» TASK GOAL
Every record must come back exactly as given.

» Saved entries

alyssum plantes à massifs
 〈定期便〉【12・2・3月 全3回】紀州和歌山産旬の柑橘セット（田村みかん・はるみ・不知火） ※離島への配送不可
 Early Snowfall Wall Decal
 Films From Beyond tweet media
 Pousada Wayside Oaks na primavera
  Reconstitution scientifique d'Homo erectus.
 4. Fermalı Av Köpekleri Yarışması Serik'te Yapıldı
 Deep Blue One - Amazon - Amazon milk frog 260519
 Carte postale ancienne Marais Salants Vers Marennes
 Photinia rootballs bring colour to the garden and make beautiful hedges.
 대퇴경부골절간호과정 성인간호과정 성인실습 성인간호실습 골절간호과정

» RESPONSE TO THIS EXERCISE
alyssum plantes à massifs
 〈定期便〉【12・2・3月 全3回】紀州和歌山産旬の柑橘セット（田村みかん・はるみ・不知火） ※離島への配送不可
 Early Snowfall Wall Decal
 Films From Beyond tweet media
 Pousada Wayside Oaks na primavera
  Reconstitution scientifique d'Homo erectus.
 4. Fermalı Av Köpekleri Yarışması Serik'te Yapıldı
 Deep Blue One - Amazon - Amazon milk frog 260519
 Carte postale ancienne Marais Salants Vers Marennes
 Photinia rootballs bring colour to the garden and make beautiful hedges.
 대퇴경부골절간호과정 성인간호과정 성인실습 성인간호실습 골절간호과정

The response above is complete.